# PROMPT
In the entries below, the lines from the one with "POTENSI Bonus Duplikasi Pengembangan" through the one with "G III : 125" are to be copied exactly; both ends count.

··········

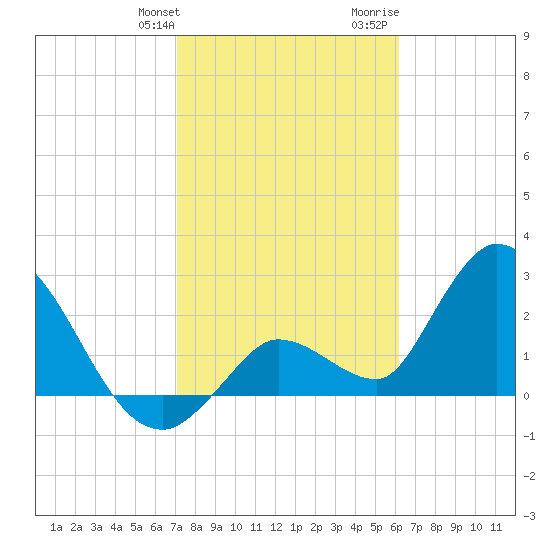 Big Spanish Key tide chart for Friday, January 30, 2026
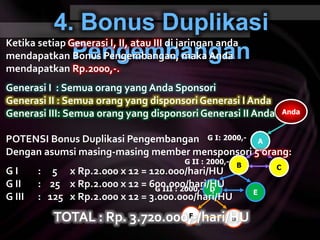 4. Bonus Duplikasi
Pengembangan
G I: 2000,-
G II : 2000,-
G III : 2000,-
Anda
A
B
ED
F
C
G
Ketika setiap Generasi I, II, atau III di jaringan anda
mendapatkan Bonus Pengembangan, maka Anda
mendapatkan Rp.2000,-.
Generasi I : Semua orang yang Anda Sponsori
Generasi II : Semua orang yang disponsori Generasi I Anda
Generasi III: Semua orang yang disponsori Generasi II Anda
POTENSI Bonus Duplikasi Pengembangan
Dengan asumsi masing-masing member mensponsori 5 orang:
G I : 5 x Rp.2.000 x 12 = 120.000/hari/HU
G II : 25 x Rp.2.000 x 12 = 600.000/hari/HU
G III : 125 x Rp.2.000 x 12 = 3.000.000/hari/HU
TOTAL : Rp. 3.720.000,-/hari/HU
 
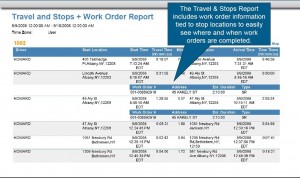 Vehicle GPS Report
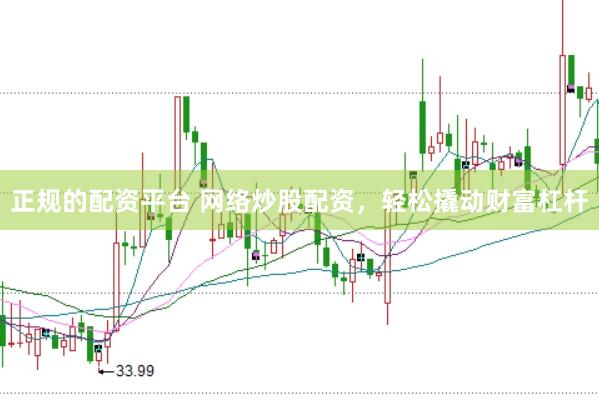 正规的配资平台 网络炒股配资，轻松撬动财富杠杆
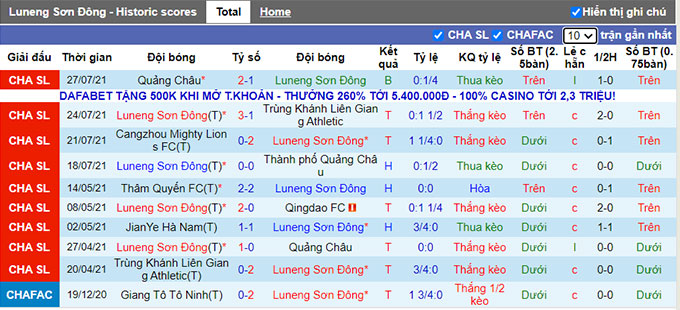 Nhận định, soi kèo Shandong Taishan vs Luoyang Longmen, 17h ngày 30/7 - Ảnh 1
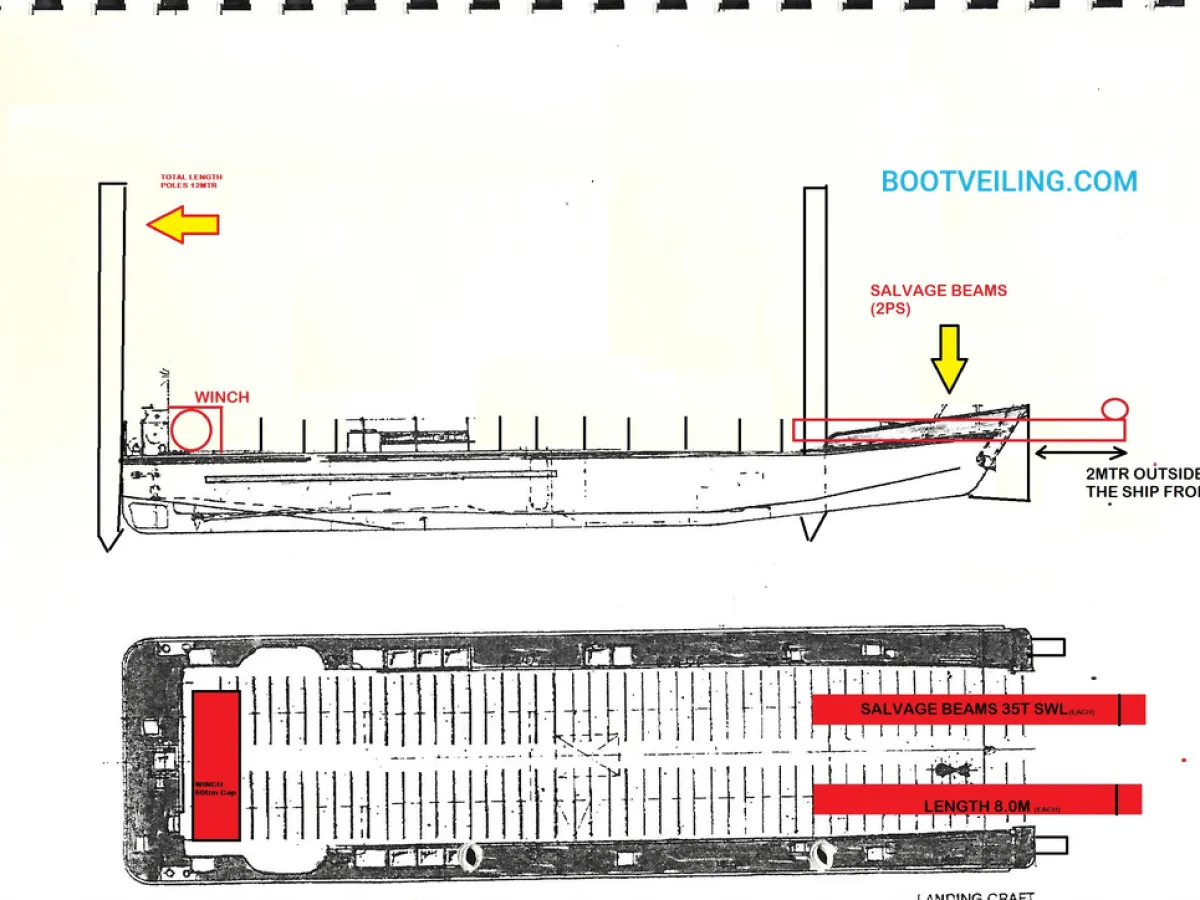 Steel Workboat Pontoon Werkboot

··········

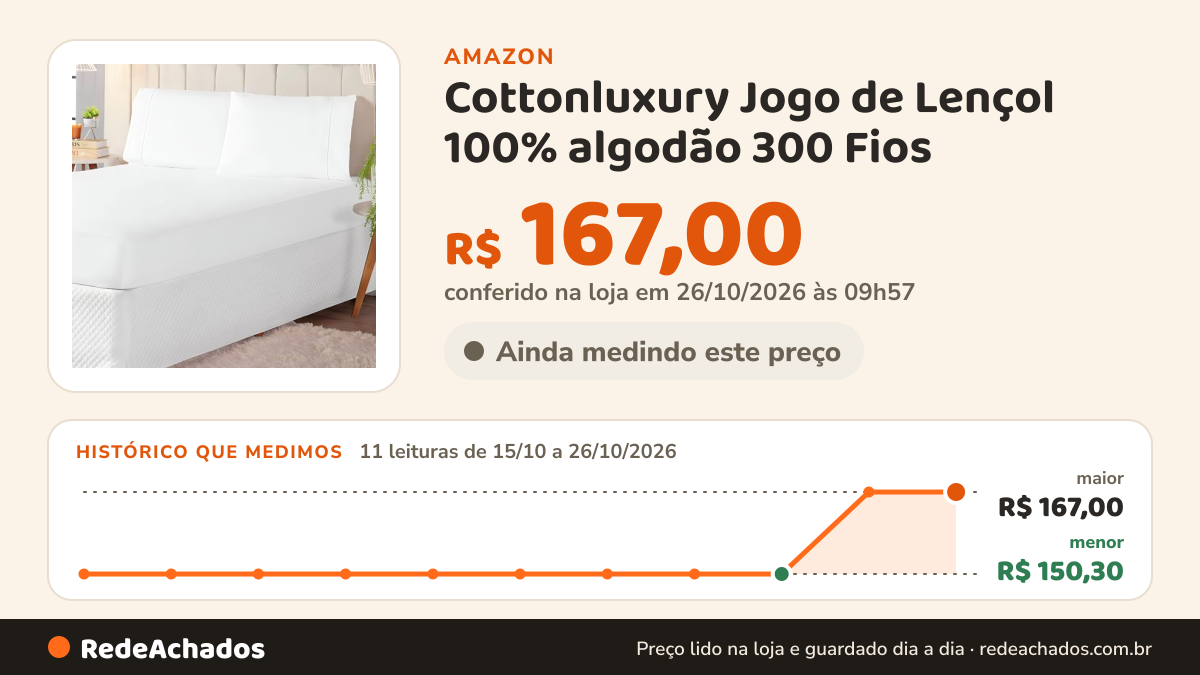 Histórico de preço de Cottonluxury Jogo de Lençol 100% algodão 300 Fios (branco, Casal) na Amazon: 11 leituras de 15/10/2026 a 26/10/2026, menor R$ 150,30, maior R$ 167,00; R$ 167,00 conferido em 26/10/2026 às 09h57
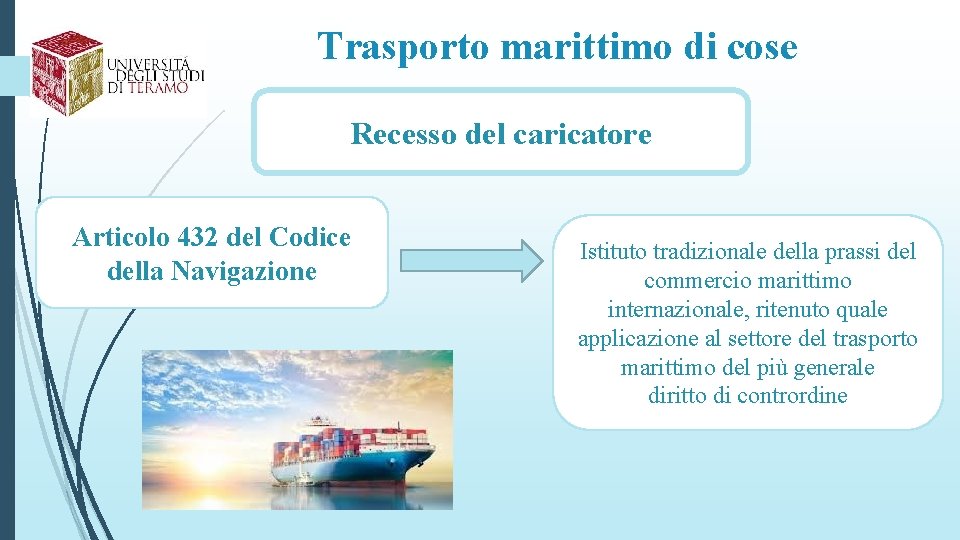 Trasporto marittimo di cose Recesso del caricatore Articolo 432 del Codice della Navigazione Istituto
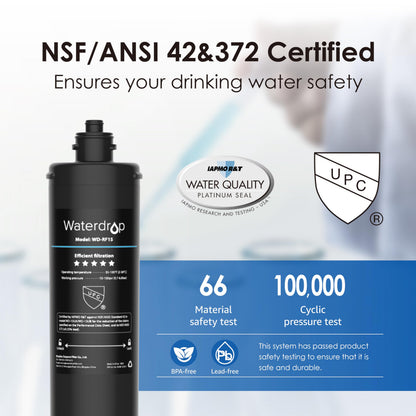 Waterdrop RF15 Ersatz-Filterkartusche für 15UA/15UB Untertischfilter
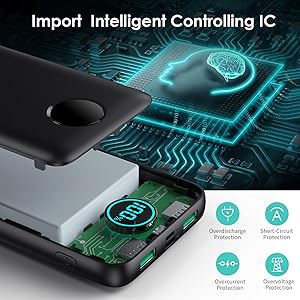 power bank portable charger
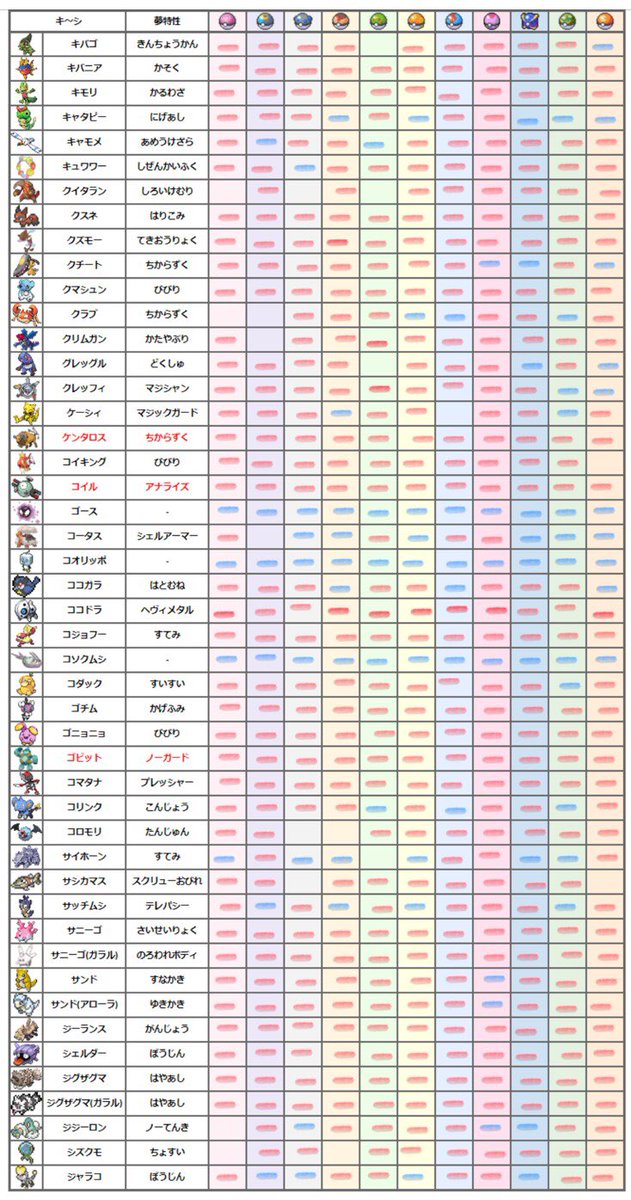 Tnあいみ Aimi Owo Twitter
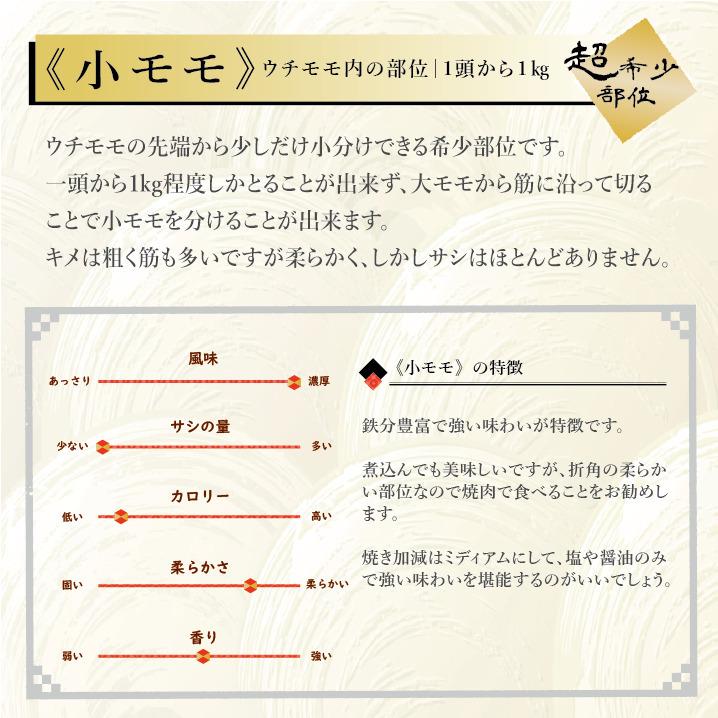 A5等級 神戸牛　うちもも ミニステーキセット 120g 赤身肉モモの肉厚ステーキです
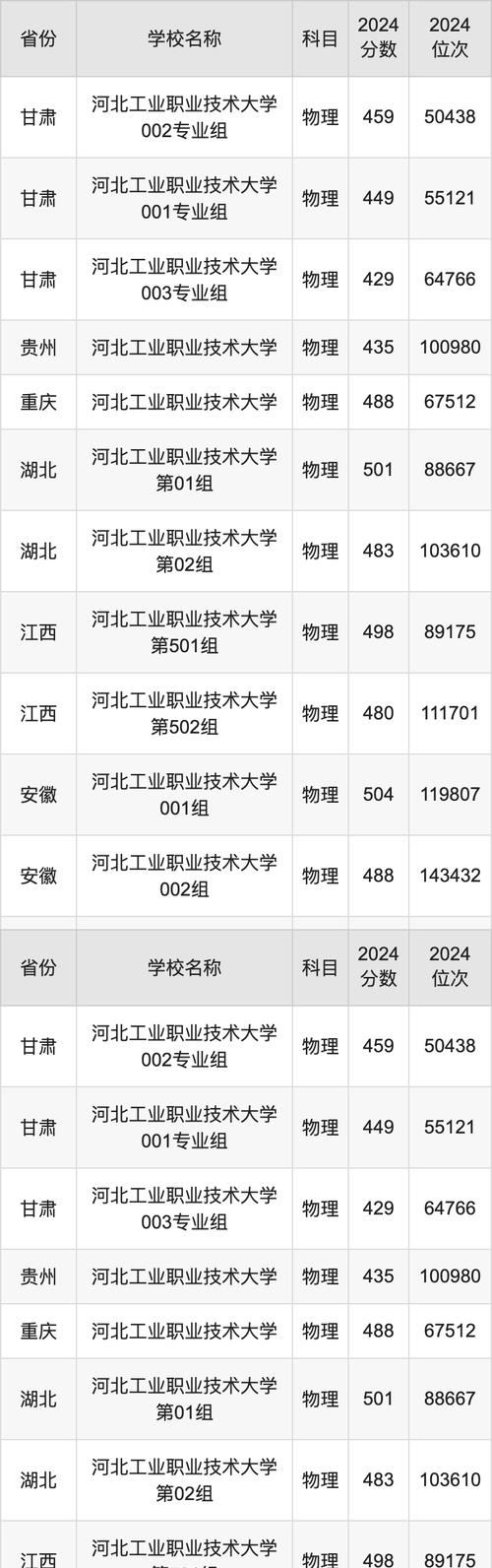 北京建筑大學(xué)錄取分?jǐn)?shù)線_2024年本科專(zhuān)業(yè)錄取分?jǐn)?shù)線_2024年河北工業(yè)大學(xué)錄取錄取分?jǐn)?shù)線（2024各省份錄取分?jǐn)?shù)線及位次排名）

··········

# THE ANSWER
POTENSI Bonus Duplikasi Pengembangan
Dengan asumsi masing-masing member mensponsori 5 orang:
G I : 5 x Rp.2.000 x 12 = 120.000/hari/HU
G II : 25 x Rp.2.000 x 12 = 600.000/hari/HU
G III : 125 x Rp.2.000 x 12 = 3.000.000/hari/HU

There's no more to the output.